Saturday, April 01, 2006

Phagwa - A 1970s B-movie

Phagwa (courtesy of Alex Khan)

A infograph which details the root causes of the Phagwa Disaster of 2006, Trinidad and Tobago. Could this tragedy have been averted? Or was it the inevitable outcome of a chain of events set into motion centuries ago? We may never know for certain....

Phagwa was a catastrophe out of a 1970s B-movie, or perhaps Bee-movie is more apt. So though I have not much to report, I've excerpted below my description of the day's events.

I was attending a Hindu festival of Phagwa (Trinidad is 50% East Indian), a celebration of the first day of Spring, marked by festive salvos colored dyes and powders on anyone within range. No sooner had the opening prayers were uttered than a cloud of Africanized (a.k.a. "killer") bees erupted from the Samaan tree under which everyone was taking cover from the Mid-day sun. It's moments like this that you remember you are in the Tropics, where everything is bigger, weirder, or just plain alien (there is a tree in the main park I call a "spatula tree" since that is exactly what appears to be hanging in the hundred from its droopy tenrdrils).

The prophetic 18th-century tapestry, which shows Lord Siva's epic battle against a swarm of bees. Note his uppermost hand, holding a pair of Snow-cones with which he taunts and enrages his adversaries.(courtesy of Alex Khan)

Anyway, people were wildly beating zig-zagged retreats away from the tree, rolling on the ground, or slapping themselves in paroxysms of terror. The bees were not randomly flying around, but were instead forming groups, targeting individuals, and dogging them methodically and relentlessly. Those afflicted by these clusters of bees sought help from the crowd, who fled from them as if from lepers, for fear of becoming the bees' next targets. The official announcers, searching impotently to say something instructive and allay the sudden panic, suddenly blurted out, with great authority, "Turn off the Snow-Cone machine! I repeat! Please turn off the Snow-Cone maker immediately!"

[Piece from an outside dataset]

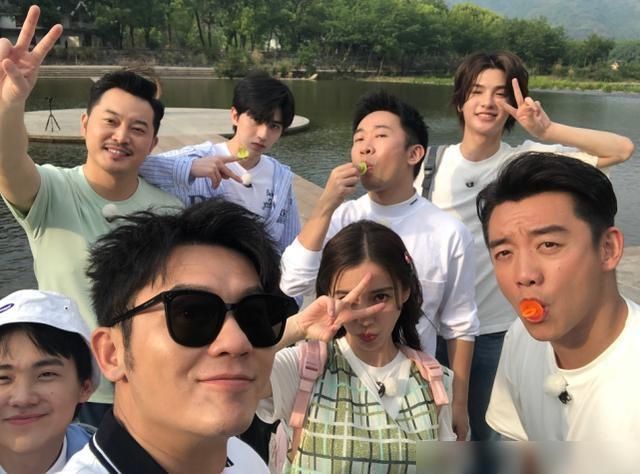 MC|跑男为什么宁愿让蔡徐坤做MC,也不让鹿晗回归看了原因做得对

Like Ashcroft's duct tape invective, it was a successful demonstration of how one can combat fear with total absurdity. Within five (long) minutes, a pack of bees small enough to fit in a coffee-can had emptied the field of 200 people and brought the Vernal Equinox to a screeching halt.

1 comment:

Makeda said...


What a fantastically hilarious story. Thanks for sharing!